Sweden is bringing 15 of the 23 players who performed in France, notably omitting veteran defensive force Nilla Fischer. The likes of Kosovari Asllani, Caroline Seger, Hedvig Lindahl, Sofia Jakobsson, Linda Sembrant and Stina Blackstenius are making the trip, giving the U.S. its toughest challenge since the summer.
There will be pressure on Andonovski to earn a victory off the bat, for optics if nothing else. Sweden, given its history with the U.S. and talent level, is not the side to roll over, even in a friendly such as this, though.
New faces vs. incumbents
There are a number of new players being incorporated into the U.S. squad, with NWSL Goalkeeper of the Year Aubrey Bledsoe and PSG's English-American defender Alana Cook chief among them.
Will Andonovski give the newer players the chance to perform in game situations immediately? Or will he rely on a more familiar lineup to transition into things? Every coach wants to leave his or her stamp on a team and make it his or her own, but there also should be caution against fixing something that isn't particularly broken. Andonovski will want to help the U.S. team evolve to stay atop the women's game, and he's even said as much, but doing too much too fast could undo plenty of what's been working for quite some time.

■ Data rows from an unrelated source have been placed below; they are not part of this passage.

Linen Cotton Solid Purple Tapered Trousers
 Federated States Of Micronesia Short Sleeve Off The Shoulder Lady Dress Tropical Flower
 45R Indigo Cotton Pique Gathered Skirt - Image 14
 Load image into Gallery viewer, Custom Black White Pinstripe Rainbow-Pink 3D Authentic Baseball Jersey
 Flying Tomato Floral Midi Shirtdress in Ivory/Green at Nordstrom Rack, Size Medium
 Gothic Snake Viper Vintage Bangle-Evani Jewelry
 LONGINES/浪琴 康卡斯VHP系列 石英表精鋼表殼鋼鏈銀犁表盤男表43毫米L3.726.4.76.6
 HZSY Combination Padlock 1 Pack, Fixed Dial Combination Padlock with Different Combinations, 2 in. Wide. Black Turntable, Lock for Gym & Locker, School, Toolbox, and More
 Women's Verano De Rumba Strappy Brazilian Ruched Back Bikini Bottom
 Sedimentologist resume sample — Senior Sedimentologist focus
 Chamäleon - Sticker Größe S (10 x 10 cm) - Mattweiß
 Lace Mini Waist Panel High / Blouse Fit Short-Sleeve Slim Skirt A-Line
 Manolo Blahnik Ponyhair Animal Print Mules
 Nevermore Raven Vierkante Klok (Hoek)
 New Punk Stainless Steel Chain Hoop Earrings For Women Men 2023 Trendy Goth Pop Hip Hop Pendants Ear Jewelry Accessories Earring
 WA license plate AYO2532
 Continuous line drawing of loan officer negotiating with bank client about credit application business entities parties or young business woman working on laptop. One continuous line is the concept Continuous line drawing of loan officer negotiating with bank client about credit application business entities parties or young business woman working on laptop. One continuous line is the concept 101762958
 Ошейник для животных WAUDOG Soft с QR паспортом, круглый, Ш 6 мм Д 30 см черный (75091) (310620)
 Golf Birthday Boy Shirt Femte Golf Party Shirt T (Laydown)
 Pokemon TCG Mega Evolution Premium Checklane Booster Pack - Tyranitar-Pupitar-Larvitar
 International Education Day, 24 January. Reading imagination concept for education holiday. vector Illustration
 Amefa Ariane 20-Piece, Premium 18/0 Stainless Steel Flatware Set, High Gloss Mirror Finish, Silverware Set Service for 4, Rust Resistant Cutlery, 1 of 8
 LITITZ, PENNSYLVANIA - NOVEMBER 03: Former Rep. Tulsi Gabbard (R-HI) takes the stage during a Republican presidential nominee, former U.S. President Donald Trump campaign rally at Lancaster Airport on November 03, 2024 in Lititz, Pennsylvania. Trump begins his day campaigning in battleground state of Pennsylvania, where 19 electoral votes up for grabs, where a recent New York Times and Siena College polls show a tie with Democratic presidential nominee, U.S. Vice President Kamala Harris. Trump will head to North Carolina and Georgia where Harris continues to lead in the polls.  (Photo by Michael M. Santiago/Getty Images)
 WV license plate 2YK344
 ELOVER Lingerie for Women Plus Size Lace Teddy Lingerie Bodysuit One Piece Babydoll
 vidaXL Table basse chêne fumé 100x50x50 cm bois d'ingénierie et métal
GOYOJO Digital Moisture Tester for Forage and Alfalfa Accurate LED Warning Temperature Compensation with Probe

A more full-strength lineup (Alyssa Naeher; Emily Sonnett, Abby Dahlkemper, Becky Sauerbrunn, Casey Short; Julie Ertz, Lindsey Horan, Rose Lavelle; Tobin Heath, Carli Lloyd, Christen Press), for instance, may give the U.S. its best shot at easing into the new coach's tenure with a victory vs. Sweden, with the more significant lineup tweaks to come down the line.
The potential changes
Expanding more on Andonovski's stamp on the team, perhaps there will be some minor hints at what is to come, though the totality of it won't be known for months, when the omitted veterans are brought back and the coach has had more time to work with his team. Some things to watch down the line include: Will Julie Ertz remain in the midfield? Or will she perhaps be reverted into a center back role? Becky Sauerbrunn is still firing at a high level, but at 34, she's not going to be around forever. Ertz, Cook and Davidson are among the candidates to appear in tandem with Dahlkemper over the course of the next cycle.
If Short, who was superb in NWSL this season, can become the top left back of the next cycle, what does that mean for Crystal Dunn's outlook? She's made it no secret that her preference is to play in her more natural attacking role, and Short making an impression could have a knock-on effect for future lineup construction, when Dunn is back in the fold.
Then there's the void at center forward, with Morgan out of action. That's a massive role on this team, with great responsibility outside of just scoring goals. Morgan's hold-up and link-up play at the World Cup went a long way toward determining the USA's fortunes. Lloyd will believe she's the top candidate in the pool until she chooses to walk away, but with Andonovski looking to the future, that's a positional battle to monitor closely over the coming months.